● **AVAILABLE RECORDS**:

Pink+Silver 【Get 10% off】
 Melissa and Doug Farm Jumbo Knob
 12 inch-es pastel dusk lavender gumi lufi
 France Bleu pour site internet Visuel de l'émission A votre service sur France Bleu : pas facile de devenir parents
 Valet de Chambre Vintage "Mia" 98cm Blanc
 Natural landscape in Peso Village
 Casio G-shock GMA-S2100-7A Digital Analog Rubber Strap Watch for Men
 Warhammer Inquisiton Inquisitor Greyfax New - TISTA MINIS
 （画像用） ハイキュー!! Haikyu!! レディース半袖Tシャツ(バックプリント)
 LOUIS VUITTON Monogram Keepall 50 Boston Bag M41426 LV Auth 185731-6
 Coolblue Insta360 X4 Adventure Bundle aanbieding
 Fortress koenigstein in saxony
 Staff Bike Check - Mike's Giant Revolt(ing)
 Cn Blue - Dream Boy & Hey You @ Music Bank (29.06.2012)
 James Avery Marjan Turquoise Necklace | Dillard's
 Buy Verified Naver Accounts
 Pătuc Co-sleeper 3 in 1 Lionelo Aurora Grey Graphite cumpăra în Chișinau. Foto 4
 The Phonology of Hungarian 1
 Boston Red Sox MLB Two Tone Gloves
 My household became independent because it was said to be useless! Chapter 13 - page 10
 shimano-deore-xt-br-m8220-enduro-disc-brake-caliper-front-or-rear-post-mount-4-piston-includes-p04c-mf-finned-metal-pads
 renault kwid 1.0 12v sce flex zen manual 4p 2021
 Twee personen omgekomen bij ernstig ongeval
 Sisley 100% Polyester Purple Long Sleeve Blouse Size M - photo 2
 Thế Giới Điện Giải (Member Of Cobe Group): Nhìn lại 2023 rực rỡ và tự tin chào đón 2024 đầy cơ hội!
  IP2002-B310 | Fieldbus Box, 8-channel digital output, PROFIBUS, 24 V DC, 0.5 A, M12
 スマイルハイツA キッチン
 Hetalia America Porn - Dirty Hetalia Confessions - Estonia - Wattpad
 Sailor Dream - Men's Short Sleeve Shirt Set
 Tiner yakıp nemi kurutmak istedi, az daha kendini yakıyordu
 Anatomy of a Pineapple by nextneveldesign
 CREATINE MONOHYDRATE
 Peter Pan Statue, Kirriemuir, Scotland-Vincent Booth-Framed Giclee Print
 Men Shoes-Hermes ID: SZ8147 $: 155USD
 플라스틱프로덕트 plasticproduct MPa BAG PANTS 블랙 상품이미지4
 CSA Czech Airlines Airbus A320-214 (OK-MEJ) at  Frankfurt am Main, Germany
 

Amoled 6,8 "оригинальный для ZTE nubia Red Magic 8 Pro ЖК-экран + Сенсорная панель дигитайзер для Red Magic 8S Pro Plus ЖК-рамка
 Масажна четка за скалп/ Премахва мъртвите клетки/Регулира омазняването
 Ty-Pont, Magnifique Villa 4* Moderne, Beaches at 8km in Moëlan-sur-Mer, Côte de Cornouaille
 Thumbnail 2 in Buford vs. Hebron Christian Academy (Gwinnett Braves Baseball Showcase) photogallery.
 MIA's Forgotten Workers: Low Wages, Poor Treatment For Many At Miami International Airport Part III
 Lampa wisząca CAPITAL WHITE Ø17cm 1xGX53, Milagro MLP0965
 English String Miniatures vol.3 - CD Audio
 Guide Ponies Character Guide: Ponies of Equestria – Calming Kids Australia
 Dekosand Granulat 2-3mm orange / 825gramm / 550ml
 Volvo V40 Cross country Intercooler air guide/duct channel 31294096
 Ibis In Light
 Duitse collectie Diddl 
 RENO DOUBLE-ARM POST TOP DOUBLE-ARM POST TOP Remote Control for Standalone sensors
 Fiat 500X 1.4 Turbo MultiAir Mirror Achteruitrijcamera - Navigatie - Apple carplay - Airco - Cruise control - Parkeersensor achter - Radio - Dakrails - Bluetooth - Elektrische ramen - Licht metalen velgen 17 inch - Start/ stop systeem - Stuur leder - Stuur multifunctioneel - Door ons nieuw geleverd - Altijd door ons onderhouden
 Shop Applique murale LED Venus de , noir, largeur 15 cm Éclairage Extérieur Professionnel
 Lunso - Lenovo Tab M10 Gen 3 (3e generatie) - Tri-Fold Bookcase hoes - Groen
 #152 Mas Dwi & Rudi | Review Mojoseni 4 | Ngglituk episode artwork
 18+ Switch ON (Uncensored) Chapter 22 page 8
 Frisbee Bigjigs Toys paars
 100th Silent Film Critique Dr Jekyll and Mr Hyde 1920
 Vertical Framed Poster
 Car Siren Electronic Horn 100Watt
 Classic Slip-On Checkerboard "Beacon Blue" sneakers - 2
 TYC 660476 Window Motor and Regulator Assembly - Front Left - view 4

● **DESCRIPTION OF THE TASK**:
Copy each line containing the word "Framed" from the data.

● **OUTPUT BELOW**:
 Peter Pan Statue, Kirriemuir, Scotland-Vincent Booth-Framed Giclee Print
 Vertical Framed Poster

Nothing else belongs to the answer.